Noch ein Bündnis in Lateinamerika
2. Dezember 2011Die Staats- und Regierungschefs von 33 lateinamerikanischen und karibischen Staaten kommen an diesem Wochenende (2./3. Dezember) in Venezuela zusammen um das neue Regionalbündnis CELAC formell aus der Taufe zu heben. Für den venezolanischen Präsidenten ist der Gipfel gleichzeitig einen willkommene Gelegenheit, sich nach seiner eigenen Angaben zufolgen überwundenen Krebserkrankung wieder auf internationaler Bühne zu präsentieren.

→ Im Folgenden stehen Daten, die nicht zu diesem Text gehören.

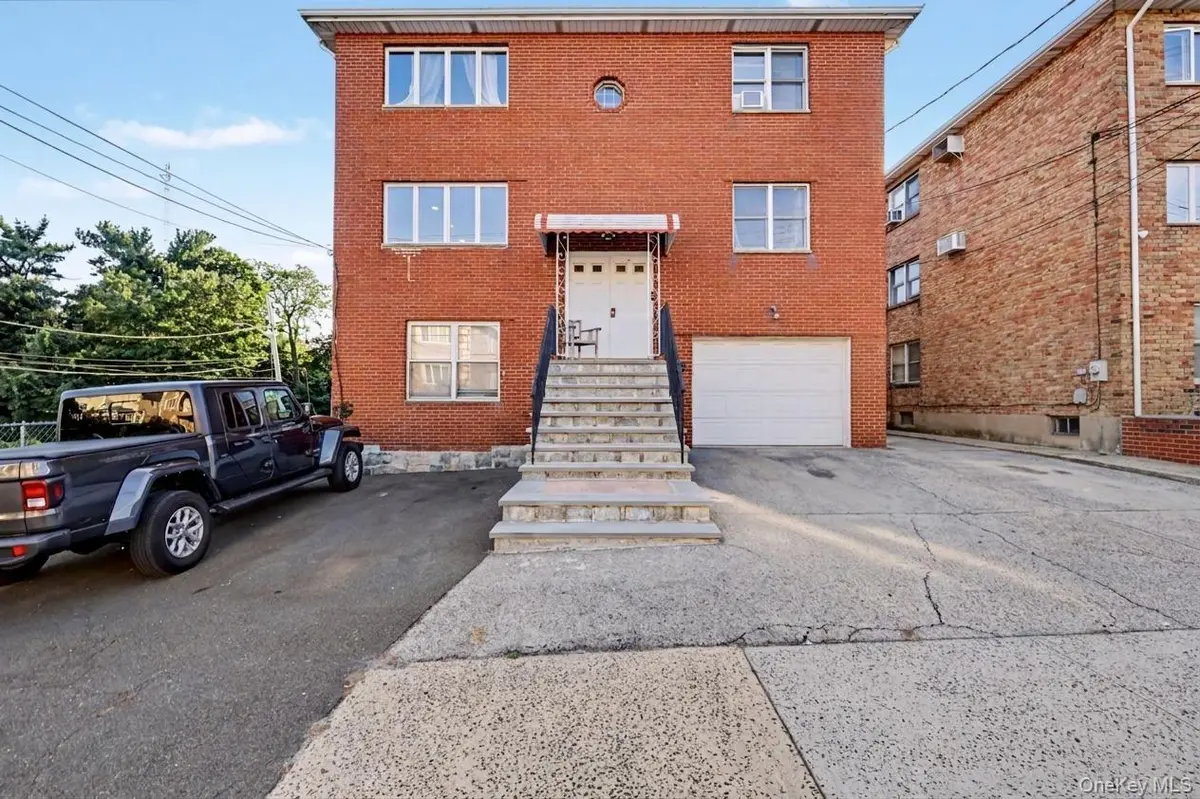 17 aka 13 Smart AVE, Yonkers, NY 10704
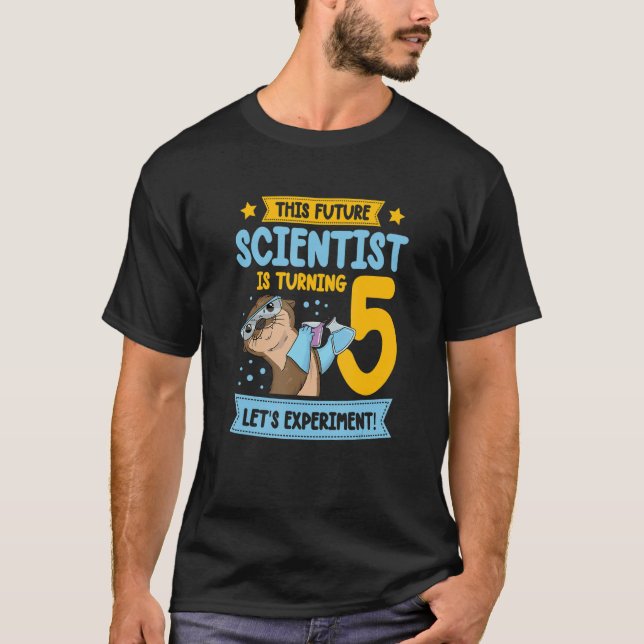 Camiseta Este Futuro Cientista Está Transformando 5 Experim (Frente)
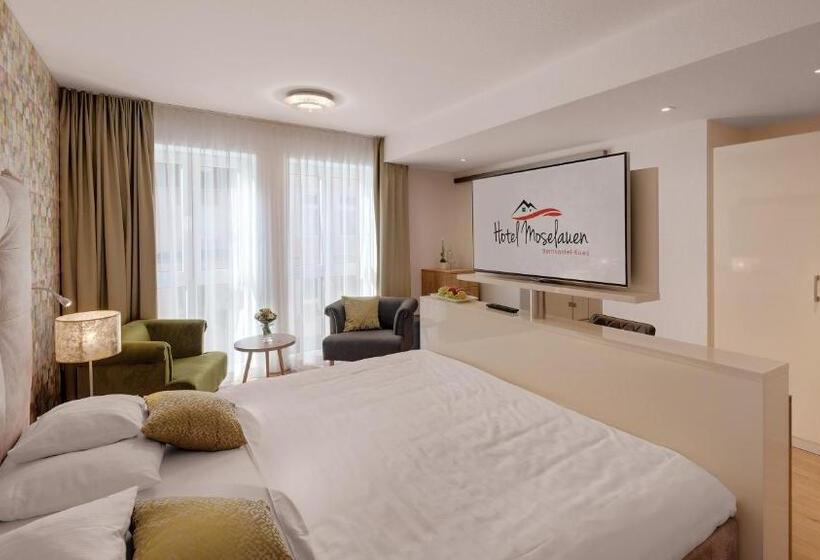 スタンダードルーム, Moselauen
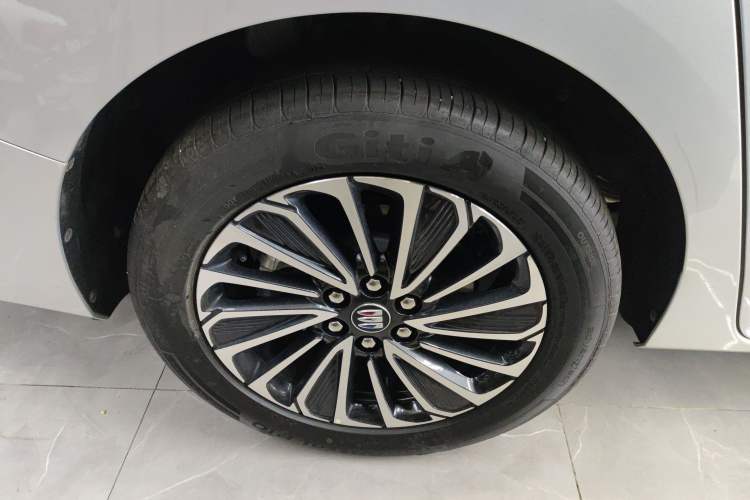 Used Buick GL8 New Energy 2025 Lu Shang Luxury Edition 7-Seater Right Rear Wheel Hub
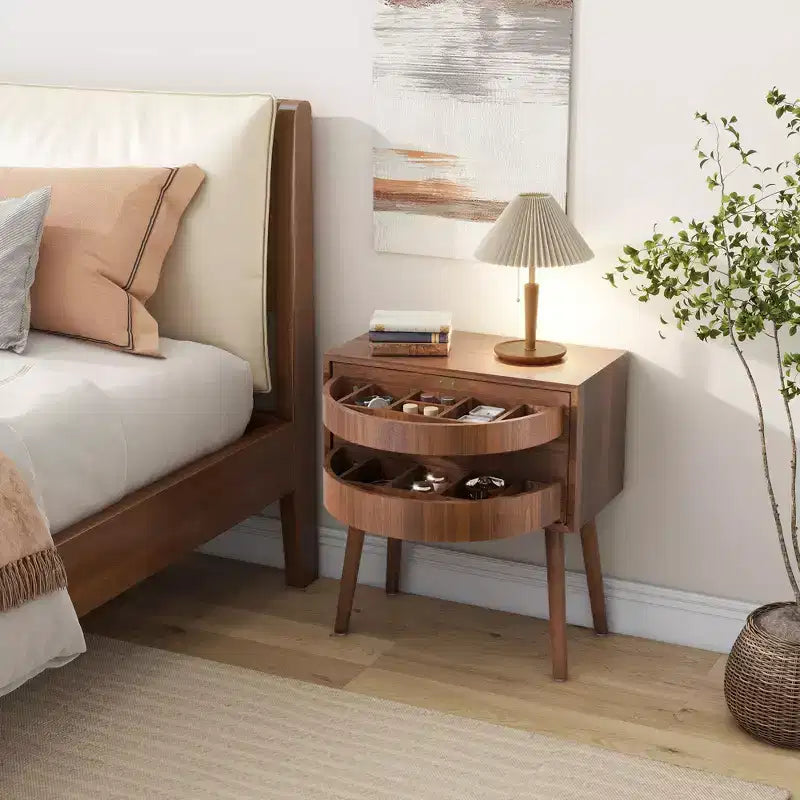 Table de chevet rotative en rotin beige avec compartiments cachés, simple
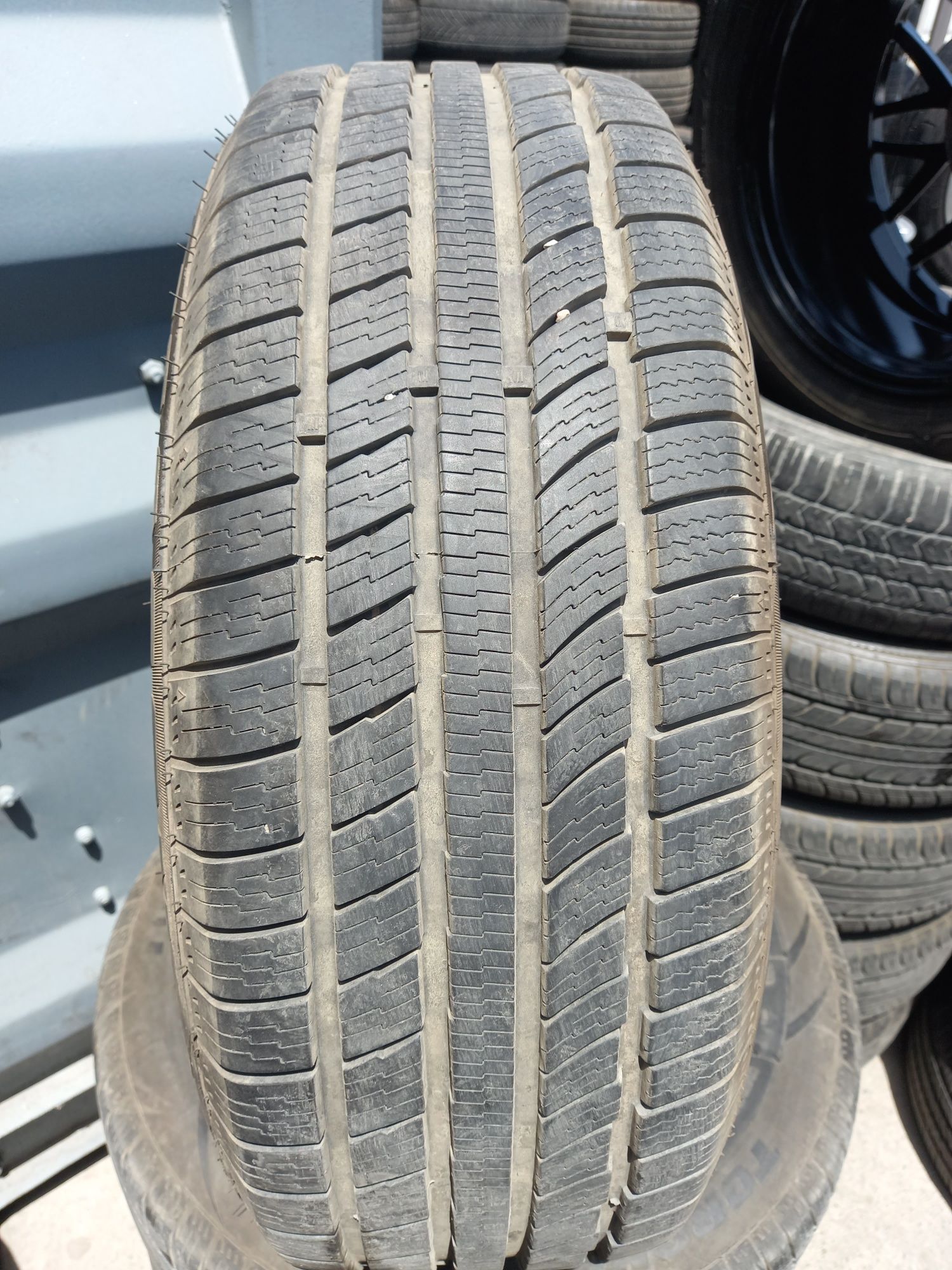 Toyota камрй 240$ диски+шина комплект 4 шт родной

Nach der Union Südamerikanischer Staaten UNASUR, der Andengemeinschaft, der Rio-Gruppe und den Wirtschaftsbündnissen Mercosur und ALBA, jetzt also ein weiteres Bündnis in Lateinamerika: CELAC, die Gemeinschaft lateinamerikanischer und karibischer Staaten. „Die bisherigen Bündnisse wie Mercosur und Unasur sind regional auf Südamerika begrenzt. Celac integriert hingegen auch Mittelamerika und die Karibik“, erläutert Thomas Fritz vom Forschungs- und Dokumentationszentrum Chile-Lateinamerika in Berlin die Bedeutung dieses ersten lateinamerikanischen Staatenbundes. „Keines der bestehenden Bündnisse funktioniert richtig“, ergänzt Peter Rösler, stellvertretender Geschäftsführer des Lateinamerika-Vereins der deutschen Wirtschaft (LAV), der der Gründung der CELAC skeptisch gegenüber steht. Schon der Mercosur mit seinen vier Mitgliedsländern leide unter den Streitigkeiten zwischen Argentinien und Brasilien, die den gemeinsamen Markt immer wieder durch Importzölle blockieren. „Jetzt wird noch eine weitere Organisation oben drauf gesetzt, die geographisch die umfassendste ist. Sollte Celac funktionieren, wäre das keine schlechte Idee. Aber auf Grund unserer bisherigen Erfahrungen Bündnissen sind Zweifel angebracht. Erstmal sollten die bestehenden Bündnisse mit Leben gefüllt werden“, gibt sich Peter Rösler skeptisch.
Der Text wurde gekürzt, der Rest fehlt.